(SUPPLIED DATA begins)

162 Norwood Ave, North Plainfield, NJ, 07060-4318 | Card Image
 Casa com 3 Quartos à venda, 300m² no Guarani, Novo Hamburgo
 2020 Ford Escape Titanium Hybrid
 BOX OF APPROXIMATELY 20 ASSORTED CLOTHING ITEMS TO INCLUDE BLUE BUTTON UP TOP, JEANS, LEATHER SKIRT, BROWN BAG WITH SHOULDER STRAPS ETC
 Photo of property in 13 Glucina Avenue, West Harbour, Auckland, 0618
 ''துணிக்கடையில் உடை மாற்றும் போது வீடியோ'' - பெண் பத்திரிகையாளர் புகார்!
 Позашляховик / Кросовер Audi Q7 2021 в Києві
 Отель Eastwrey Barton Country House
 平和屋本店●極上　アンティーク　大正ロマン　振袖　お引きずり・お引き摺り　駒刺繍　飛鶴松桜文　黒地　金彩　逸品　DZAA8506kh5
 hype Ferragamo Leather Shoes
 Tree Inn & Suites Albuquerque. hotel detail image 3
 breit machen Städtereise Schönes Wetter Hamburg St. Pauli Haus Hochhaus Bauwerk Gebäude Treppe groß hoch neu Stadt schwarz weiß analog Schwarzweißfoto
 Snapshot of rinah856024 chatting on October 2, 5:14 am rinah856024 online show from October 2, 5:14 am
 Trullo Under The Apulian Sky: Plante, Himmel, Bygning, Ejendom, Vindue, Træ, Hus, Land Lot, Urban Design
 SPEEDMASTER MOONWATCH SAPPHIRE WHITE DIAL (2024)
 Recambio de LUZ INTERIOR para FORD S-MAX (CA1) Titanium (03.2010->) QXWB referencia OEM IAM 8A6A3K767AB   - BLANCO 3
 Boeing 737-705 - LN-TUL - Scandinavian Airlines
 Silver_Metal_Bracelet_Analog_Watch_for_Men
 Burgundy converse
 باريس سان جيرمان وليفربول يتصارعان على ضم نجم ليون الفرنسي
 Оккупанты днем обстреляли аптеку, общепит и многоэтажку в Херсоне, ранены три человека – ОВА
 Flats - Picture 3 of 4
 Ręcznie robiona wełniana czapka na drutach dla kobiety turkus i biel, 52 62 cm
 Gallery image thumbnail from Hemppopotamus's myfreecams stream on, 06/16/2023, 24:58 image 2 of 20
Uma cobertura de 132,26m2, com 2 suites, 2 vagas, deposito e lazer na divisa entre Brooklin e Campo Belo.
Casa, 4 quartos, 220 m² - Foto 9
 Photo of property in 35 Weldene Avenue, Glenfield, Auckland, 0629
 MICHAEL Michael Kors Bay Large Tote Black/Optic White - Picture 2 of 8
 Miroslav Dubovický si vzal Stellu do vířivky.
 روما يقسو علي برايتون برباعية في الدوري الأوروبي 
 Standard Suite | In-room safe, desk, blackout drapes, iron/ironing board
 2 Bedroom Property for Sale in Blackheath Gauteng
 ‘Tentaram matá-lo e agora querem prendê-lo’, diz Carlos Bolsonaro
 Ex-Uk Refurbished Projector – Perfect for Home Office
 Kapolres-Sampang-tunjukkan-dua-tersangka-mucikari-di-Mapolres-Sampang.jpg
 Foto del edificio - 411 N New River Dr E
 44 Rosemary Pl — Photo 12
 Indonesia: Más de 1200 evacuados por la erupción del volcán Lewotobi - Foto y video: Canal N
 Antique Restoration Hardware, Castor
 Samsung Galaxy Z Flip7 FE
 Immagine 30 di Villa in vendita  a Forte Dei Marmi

(SUPPLIED DATA ends)

- AIM OF THE TASK -
Filter the entries down to the lines containing "Picture". Copy each of those lines.

- RESPONSE -
 Flats - Picture 3 of 4
 MICHAEL Michael Kors Bay Large Tote Black/Optic White - Picture 2 of 8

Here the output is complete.